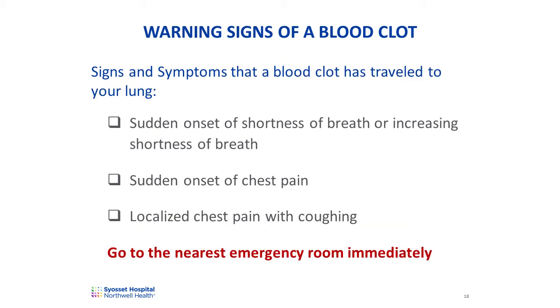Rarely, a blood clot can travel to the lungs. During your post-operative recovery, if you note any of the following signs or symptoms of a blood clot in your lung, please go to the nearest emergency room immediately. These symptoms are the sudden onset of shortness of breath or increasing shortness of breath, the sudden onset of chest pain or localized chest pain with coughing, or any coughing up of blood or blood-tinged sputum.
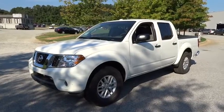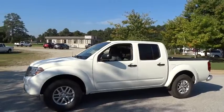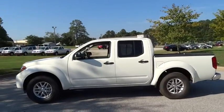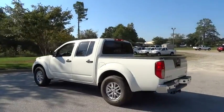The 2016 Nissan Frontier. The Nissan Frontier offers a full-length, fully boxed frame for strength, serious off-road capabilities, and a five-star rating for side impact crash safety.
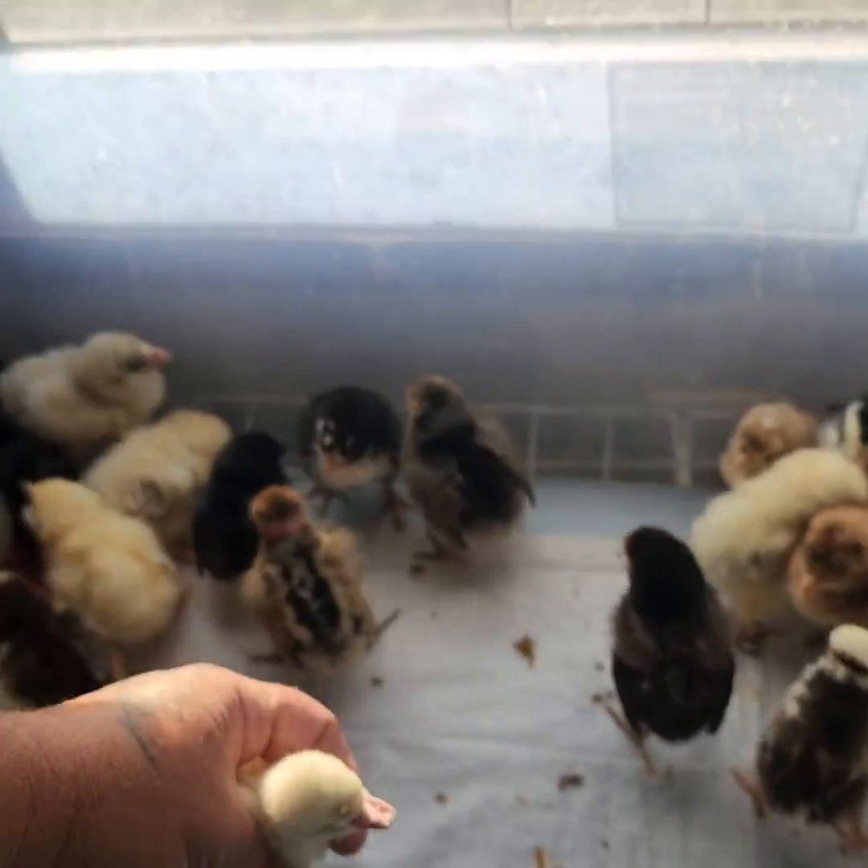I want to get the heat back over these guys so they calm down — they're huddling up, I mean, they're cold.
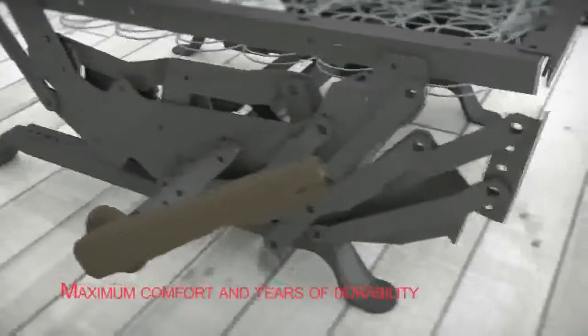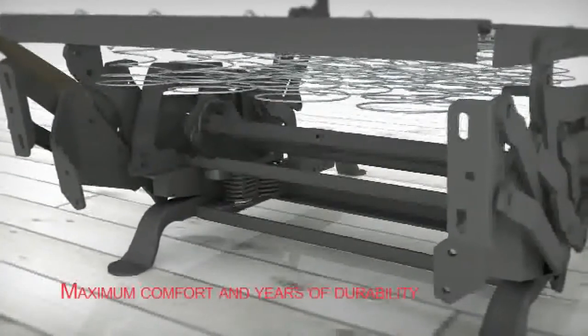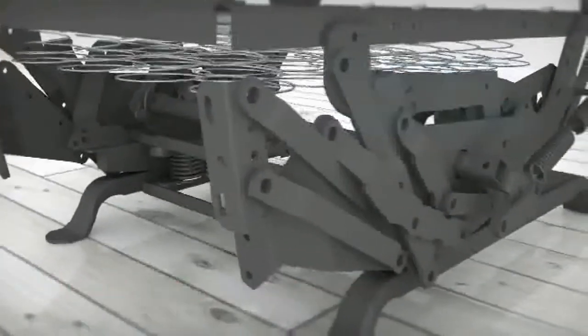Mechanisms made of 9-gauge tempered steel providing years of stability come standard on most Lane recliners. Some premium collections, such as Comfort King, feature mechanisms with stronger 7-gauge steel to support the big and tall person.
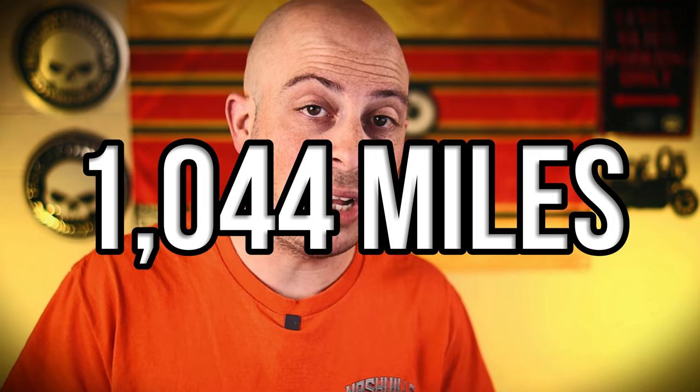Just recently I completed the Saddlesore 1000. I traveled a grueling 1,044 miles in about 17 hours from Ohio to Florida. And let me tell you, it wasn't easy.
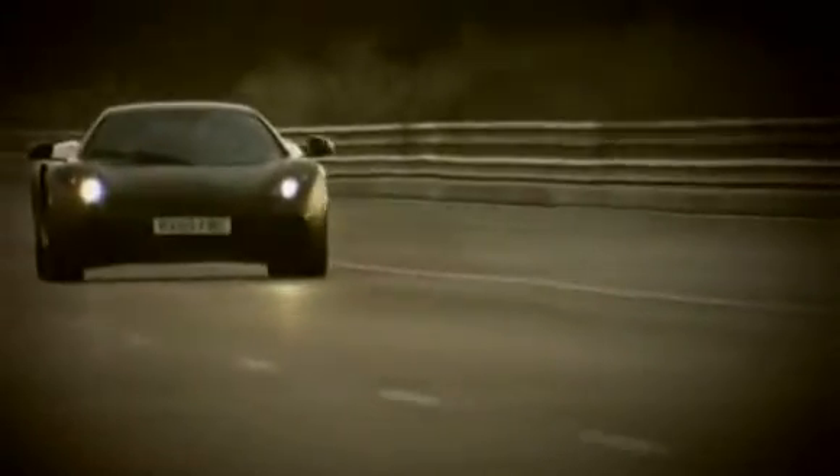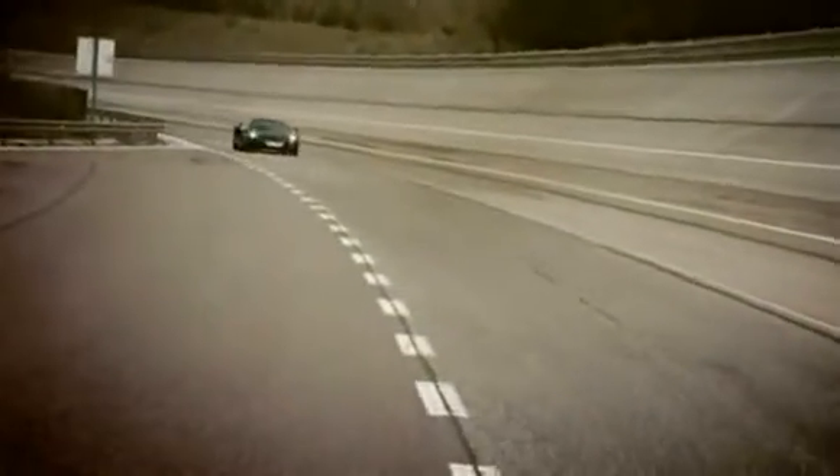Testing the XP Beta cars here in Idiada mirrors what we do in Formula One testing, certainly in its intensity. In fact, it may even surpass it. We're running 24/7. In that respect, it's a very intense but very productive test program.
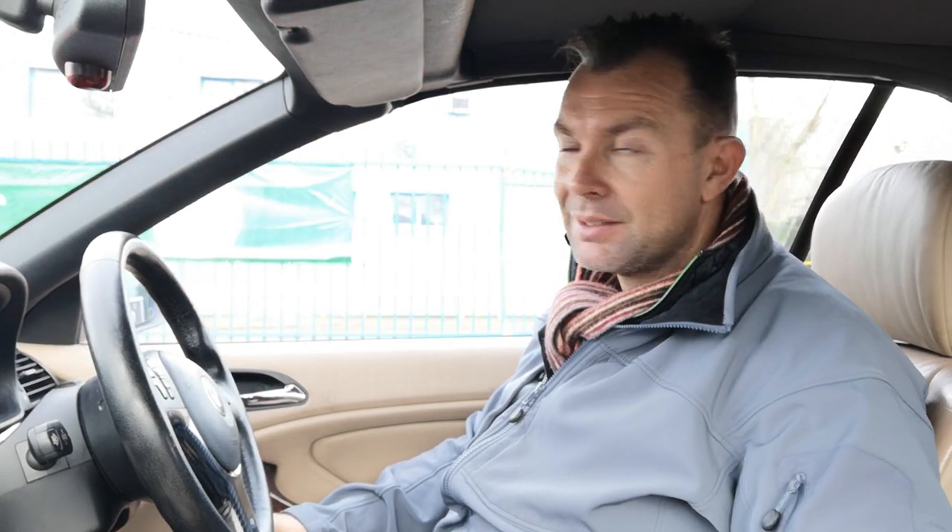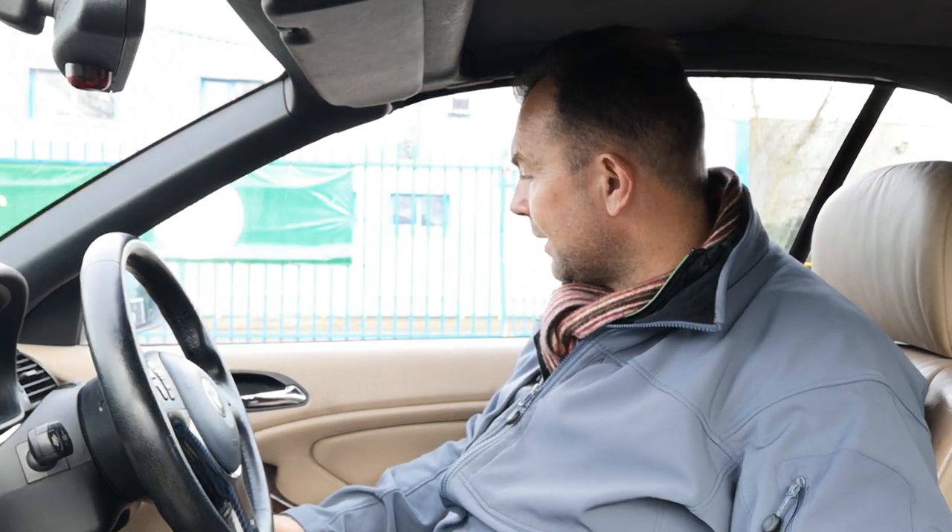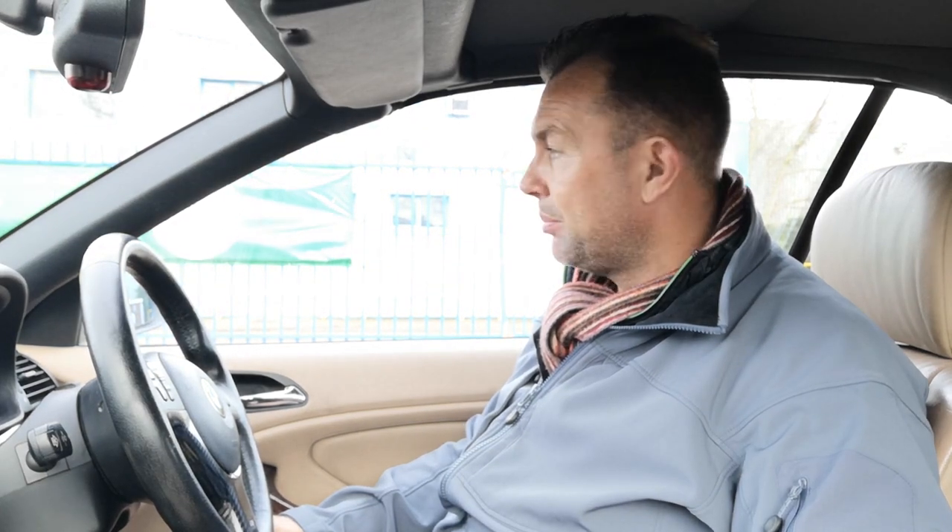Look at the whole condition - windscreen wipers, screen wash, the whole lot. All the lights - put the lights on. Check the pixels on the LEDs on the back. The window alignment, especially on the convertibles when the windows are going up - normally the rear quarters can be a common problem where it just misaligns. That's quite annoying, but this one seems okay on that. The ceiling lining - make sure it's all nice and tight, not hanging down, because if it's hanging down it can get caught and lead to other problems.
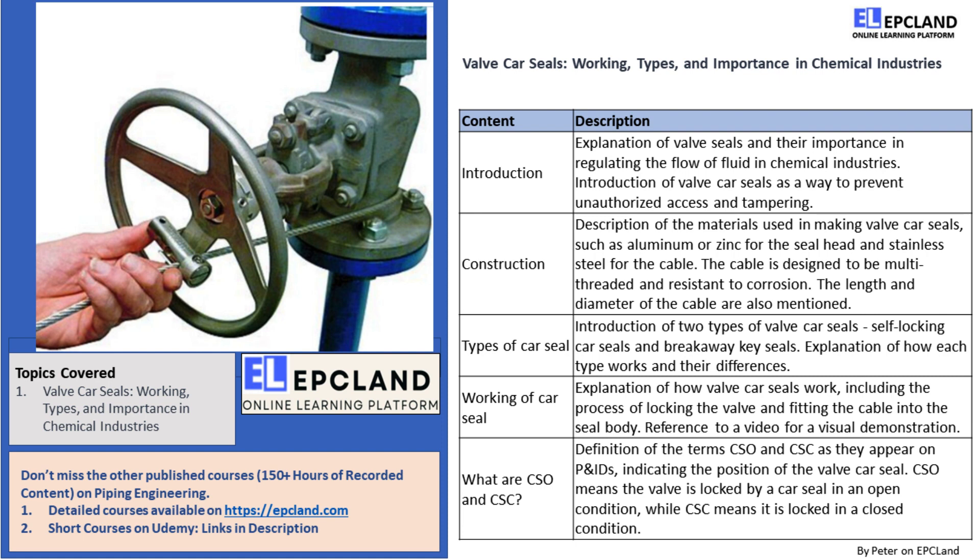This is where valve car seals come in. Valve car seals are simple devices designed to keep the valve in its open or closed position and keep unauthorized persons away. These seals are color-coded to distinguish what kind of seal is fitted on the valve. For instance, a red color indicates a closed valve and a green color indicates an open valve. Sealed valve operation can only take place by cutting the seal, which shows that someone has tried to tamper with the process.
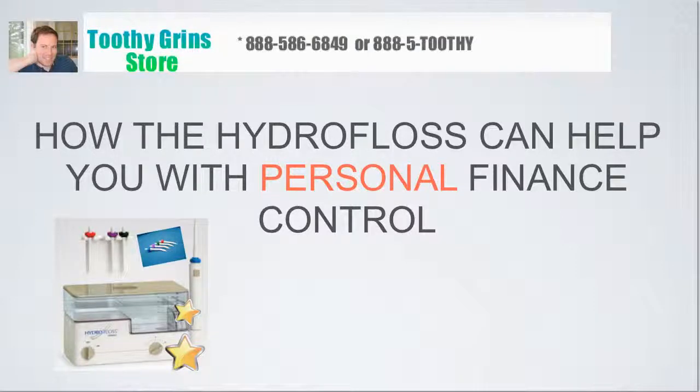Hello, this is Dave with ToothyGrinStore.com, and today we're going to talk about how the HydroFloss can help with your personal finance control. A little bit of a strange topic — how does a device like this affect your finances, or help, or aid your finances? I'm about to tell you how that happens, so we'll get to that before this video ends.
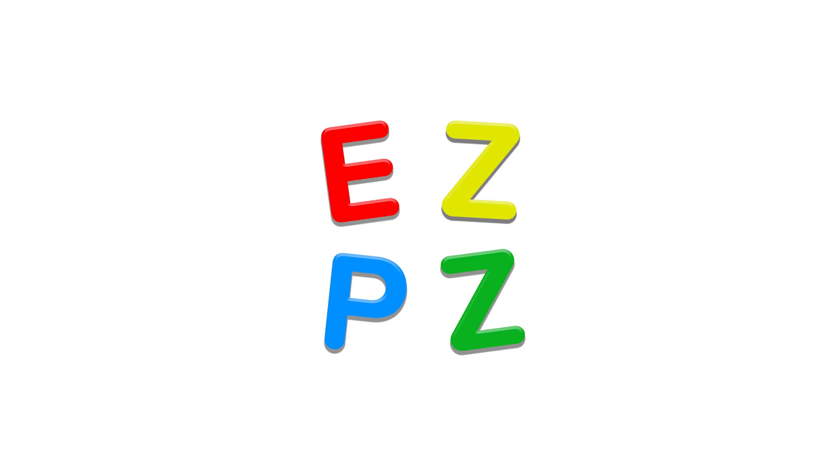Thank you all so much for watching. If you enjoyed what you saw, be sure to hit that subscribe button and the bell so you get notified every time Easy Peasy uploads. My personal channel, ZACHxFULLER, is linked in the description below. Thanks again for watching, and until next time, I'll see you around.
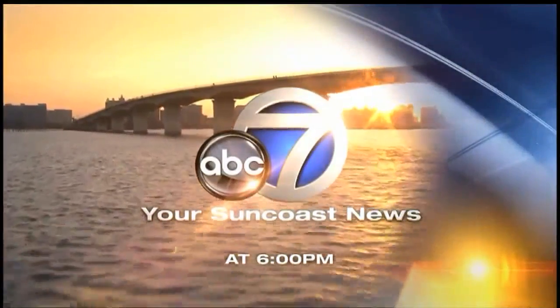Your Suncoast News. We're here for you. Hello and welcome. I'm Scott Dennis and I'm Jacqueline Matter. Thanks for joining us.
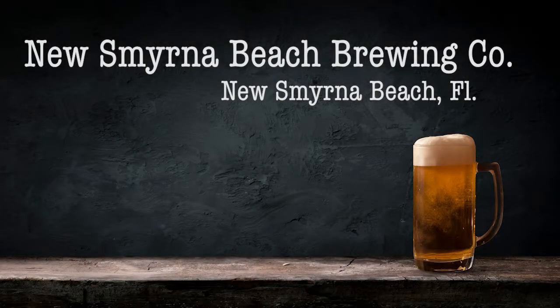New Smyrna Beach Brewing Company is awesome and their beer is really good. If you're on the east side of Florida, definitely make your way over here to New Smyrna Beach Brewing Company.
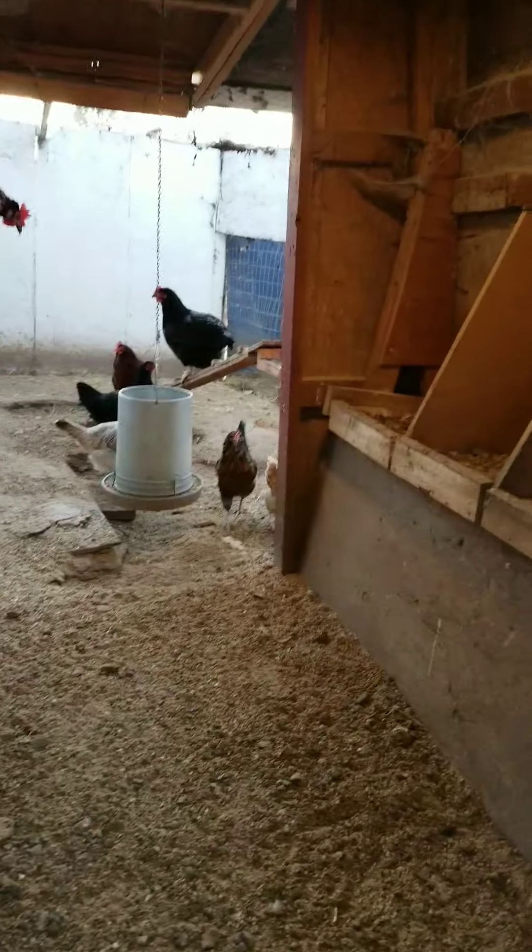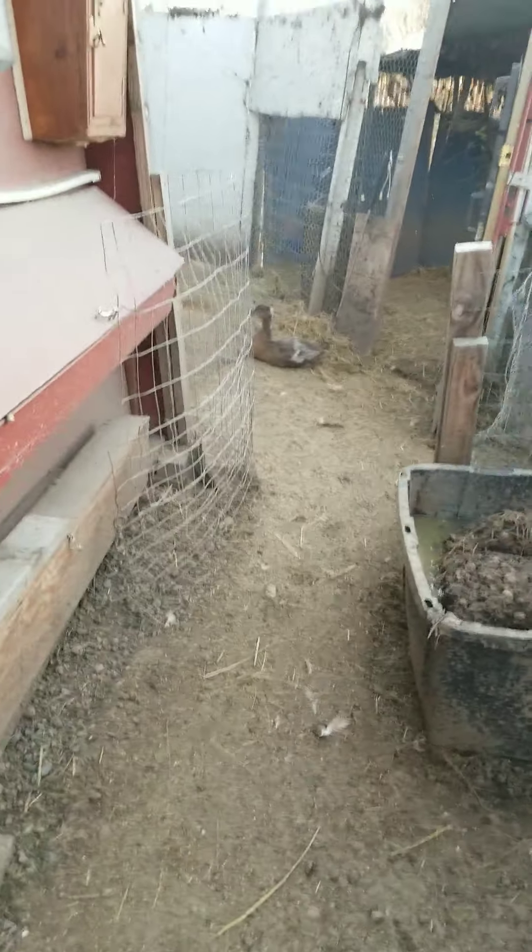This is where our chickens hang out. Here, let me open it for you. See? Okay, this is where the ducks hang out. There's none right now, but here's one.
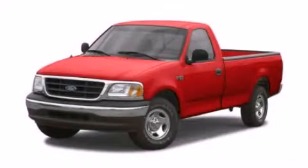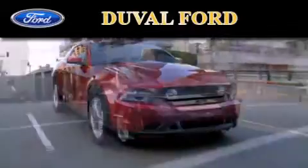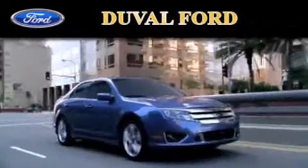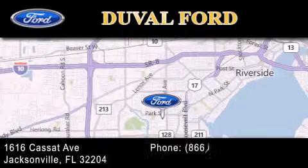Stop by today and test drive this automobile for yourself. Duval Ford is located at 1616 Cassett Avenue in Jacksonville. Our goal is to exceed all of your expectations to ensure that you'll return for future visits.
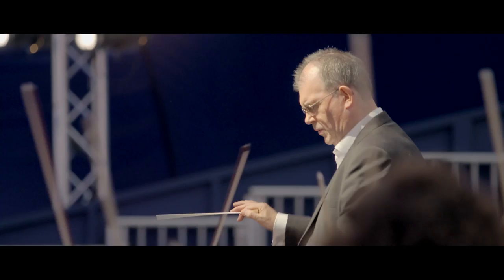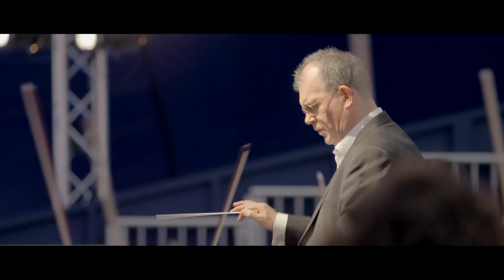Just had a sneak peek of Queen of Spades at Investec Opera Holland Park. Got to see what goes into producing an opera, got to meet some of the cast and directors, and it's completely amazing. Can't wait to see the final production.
====
* What to do:
What you give back should be exactly the lines from the line holding "Your Suncoast News." through the final line of the material, both ends included, and please leave out the pictures.

* Response:
Your Suncoast News. We're here for you. Hello and welcome. I'm Scott Dennis and I'm Jacqueline Matter. Thanks for joining us.
New Smyrna Beach Brewing Company is awesome and their beer is really good. If you're on the east side of Florida, definitely make your way over here to New Smyrna Beach Brewing Company.
This is where our chickens hang out. Here, let me open it for you. See? Okay, this is where the ducks hang out. There's none right now, but here's one.
Stop by today and test drive this automobile for yourself. Duval Ford is located at 1616 Cassett Avenue in Jacksonville. Our goal is to exceed all of your expectations to ensure that you'll return for future visits.
Just had a sneak peek of Queen of Spades at Investec Opera Holland Park. Got to see what goes into producing an opera, got to meet some of the cast and directors, and it's completely amazing. Can't wait to see the final production.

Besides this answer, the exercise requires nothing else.